┌──
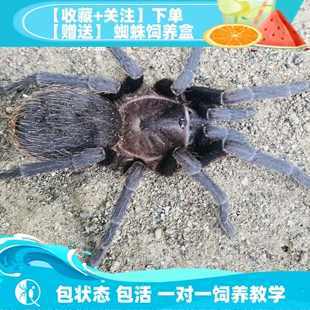 流通版 哥斯达黎加蓝面 Aph属温顺质朴黑三角背宠物蜘蛛 祁one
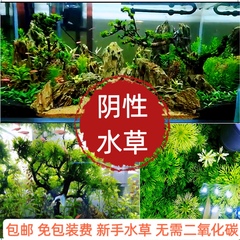 水草套餐阴性好养耐活懒人新手鱼缸造景无需二氧化碳活体植物淡水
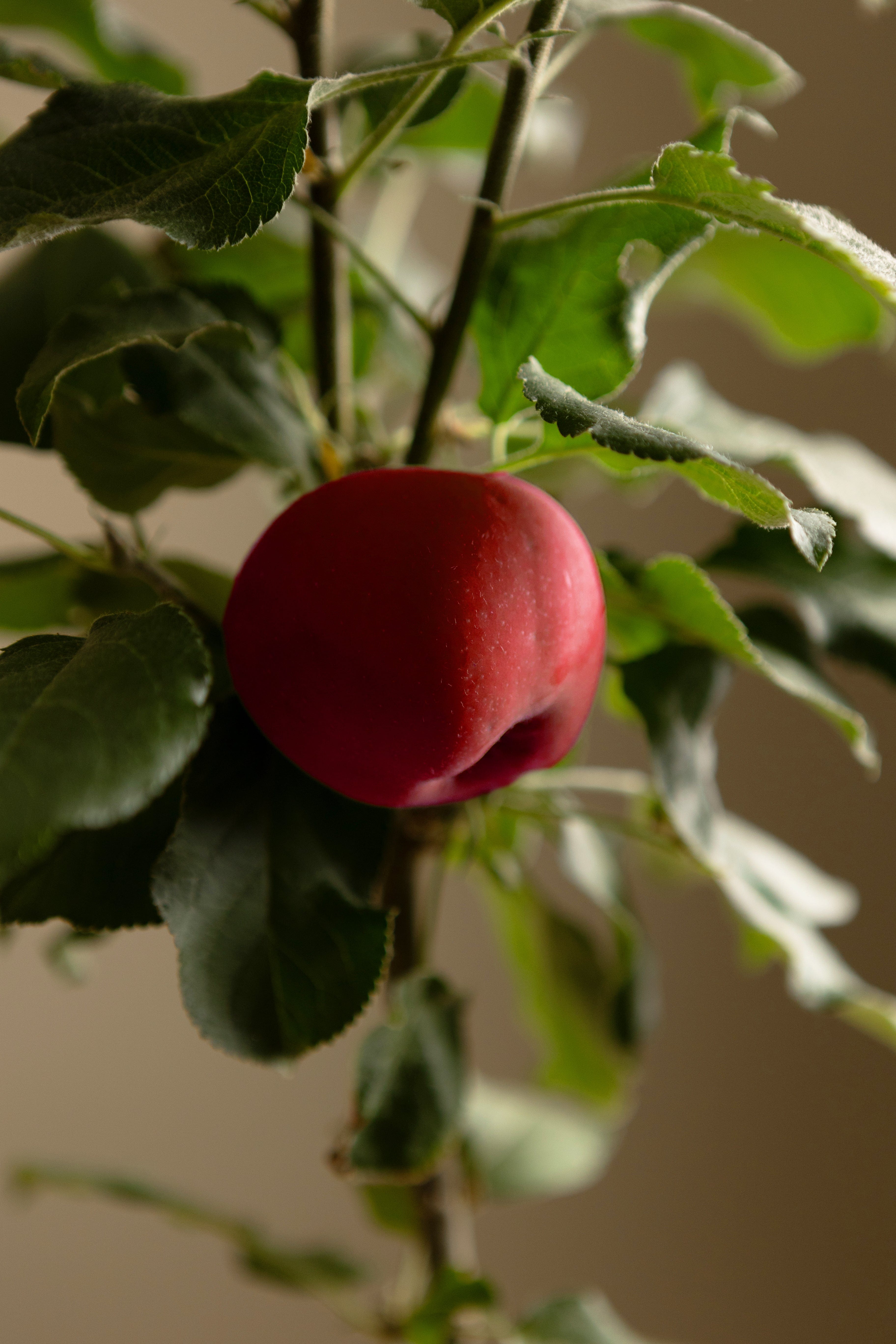 Columnar Apple Bundle-Shrubb-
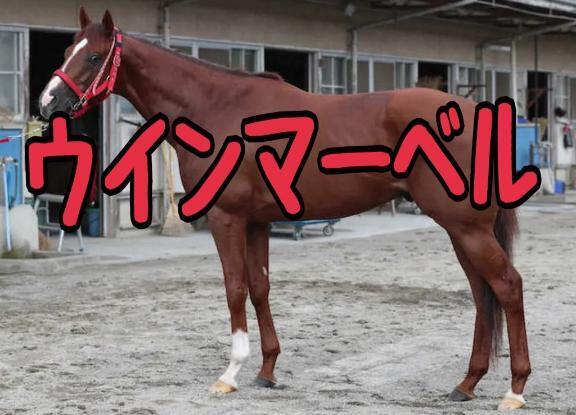 スワンＳ｜写メ日記｜ひなた｜池袋 人妻デリヘル 人妻風俗　みせすはーと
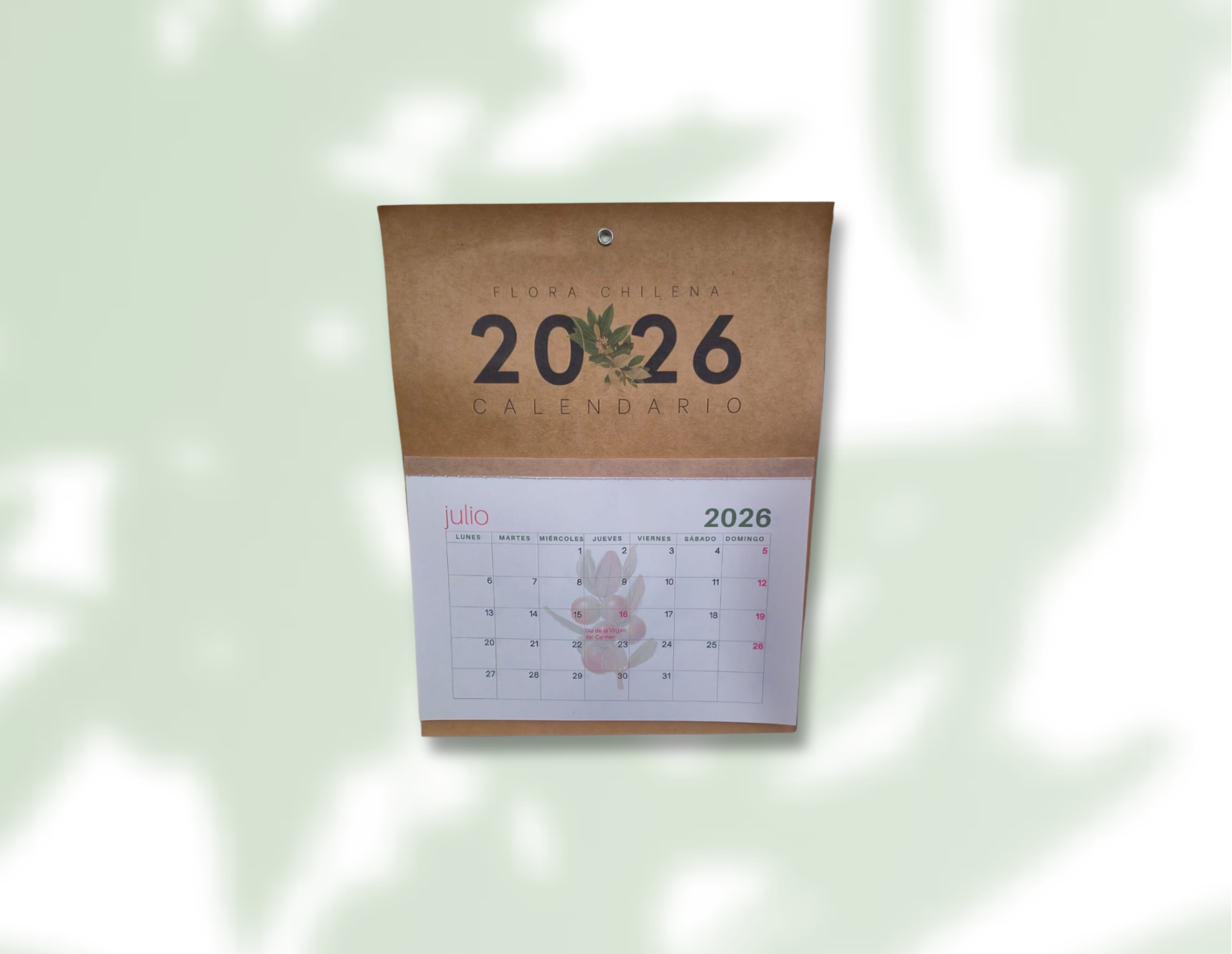 Línea Ecológica Agenda 1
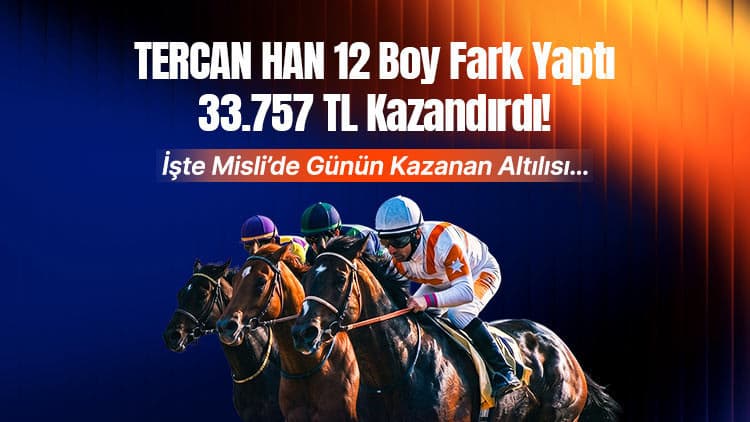 Bursa'da Tercan Han'dan 12 boy fark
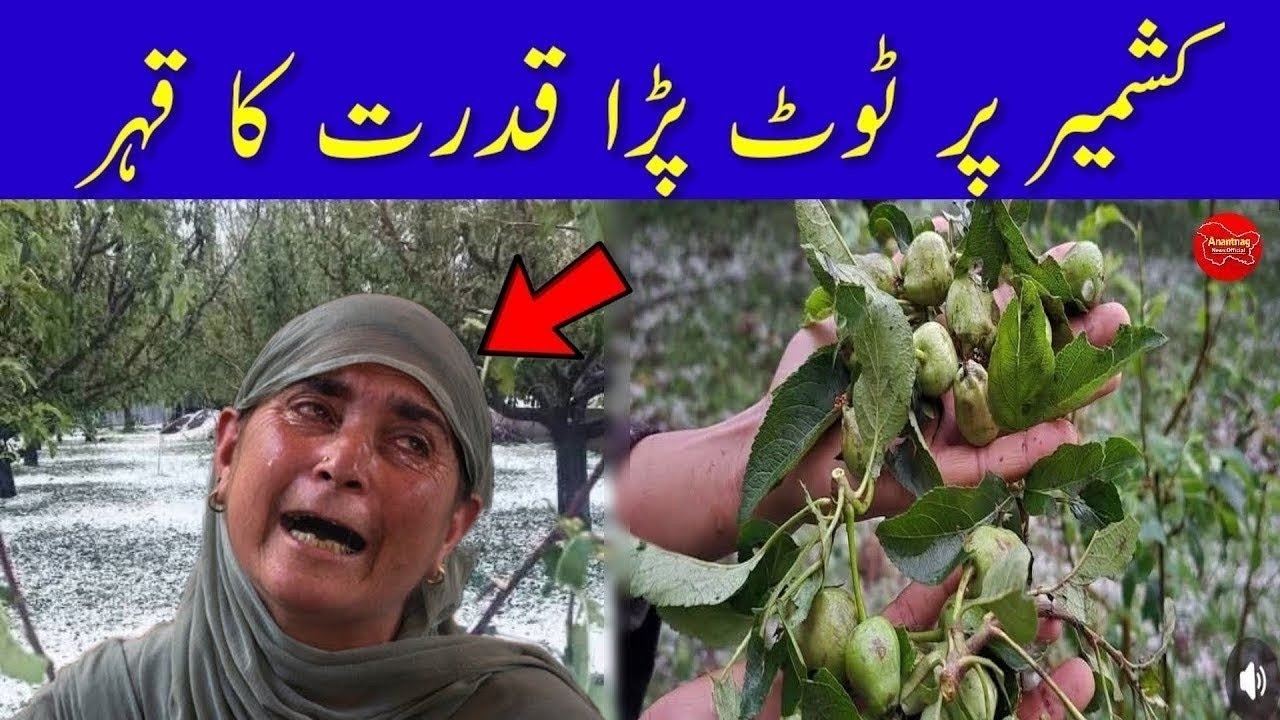 Morning Headlines News || Jammu Kashmir News || 04 June 2026 || Today News Bulletin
└──
Omit every picture, then repeat the remaining data exactly as it appears above.

 流通版 哥斯达黎加蓝面 Aph属温顺质朴黑三角背宠物蜘蛛 祁one
 水草套餐阴性好养耐活懒人新手鱼缸造景无需二氧化碳活体植物淡水
 Columnar Apple Bundle-Shrubb-
 スワンＳ｜写メ日記｜ひなた｜池袋 人妻デリヘル 人妻風俗　みせすはーと
 Línea Ecológica Agenda 1
 Bursa'da Tercan Han'dan 12 boy fark
 Morning Headlines News || Jammu Kashmir News || 04 June 2026 || Today News Bulletin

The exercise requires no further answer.